= What to do =
Transcribe the data that follows in full. Leave out the pictures.

= Material provided =
------------------------

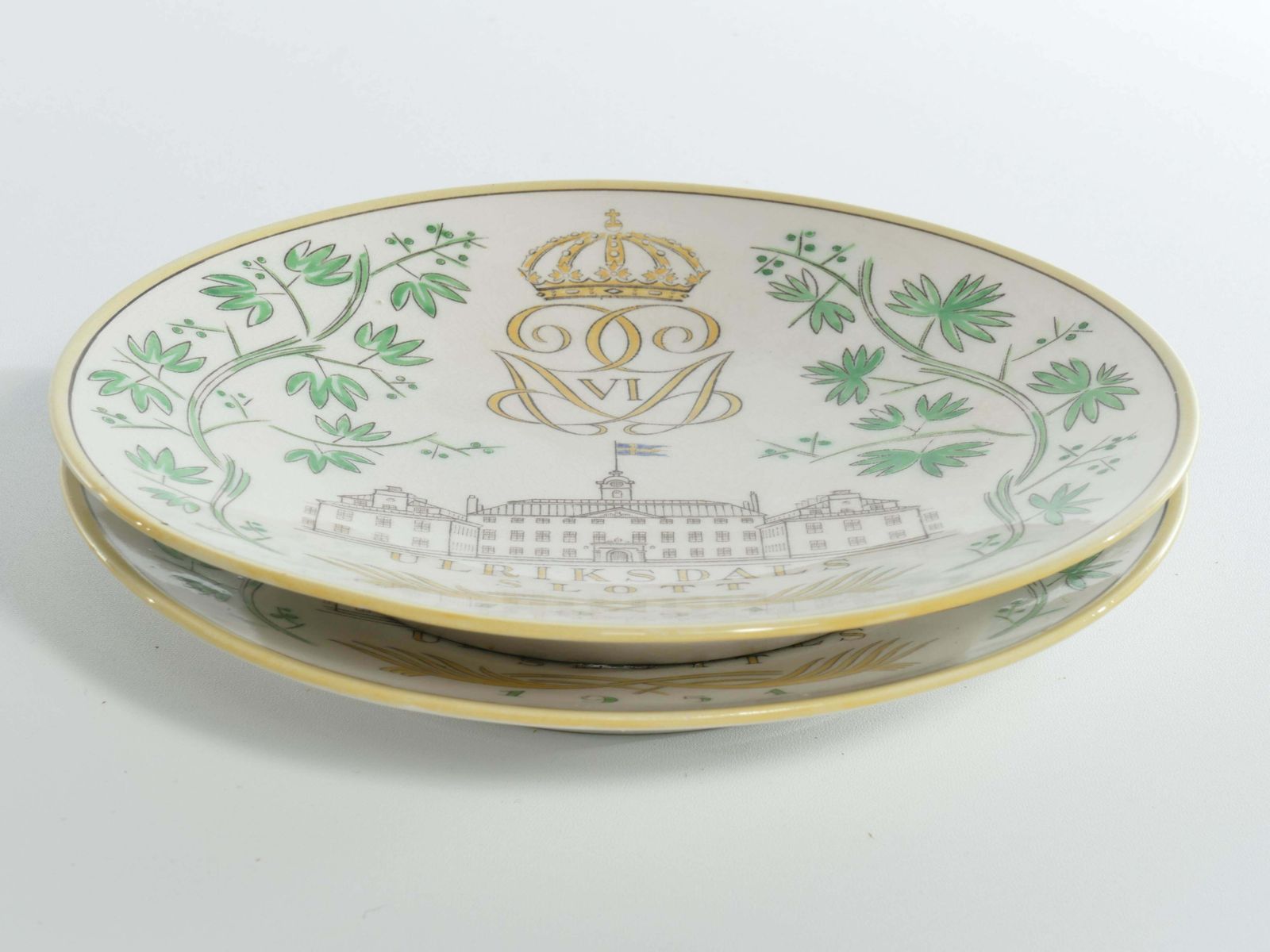 Swedish Grace Plates With Ulriksdal Palace In Yellow And Green By Gefle 1951 photo buy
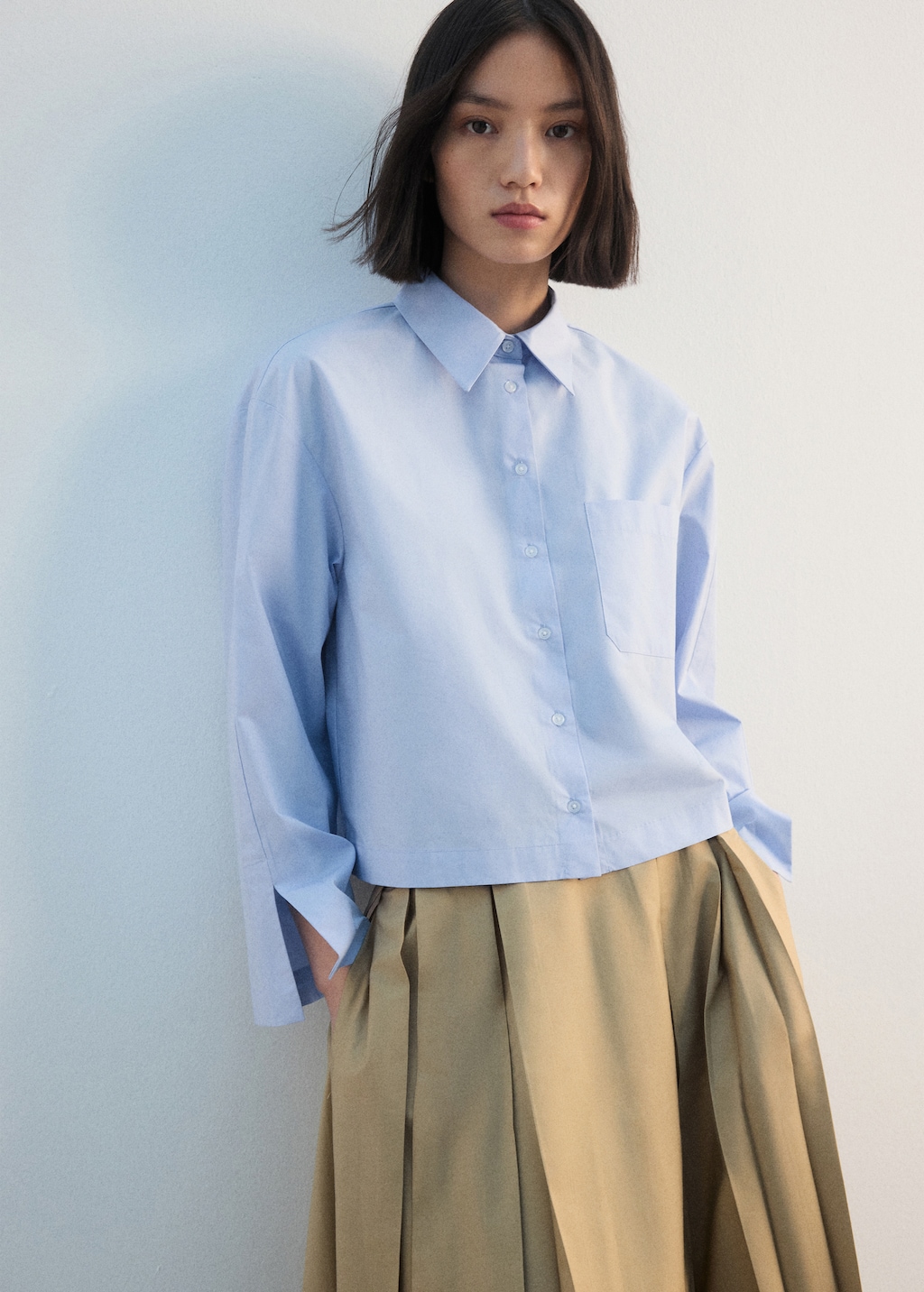 Cropped shirt with pocket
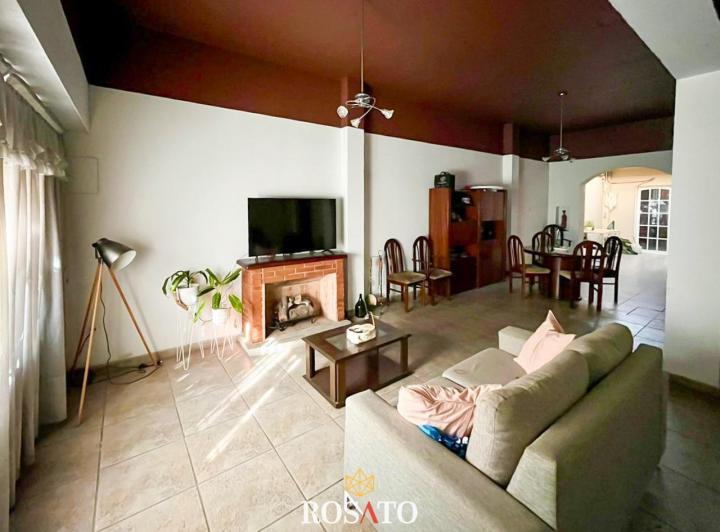 Casa · 207m² · 4 Ambientes · 1 Cochera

------------------------

= Task output =
 Swedish Grace Plates With Ulriksdal Palace In Yellow And Green By Gefle 1951 photo buy
 Cropped shirt with pocket
 Casa · 207m² · 4 Ambientes · 1 Cochera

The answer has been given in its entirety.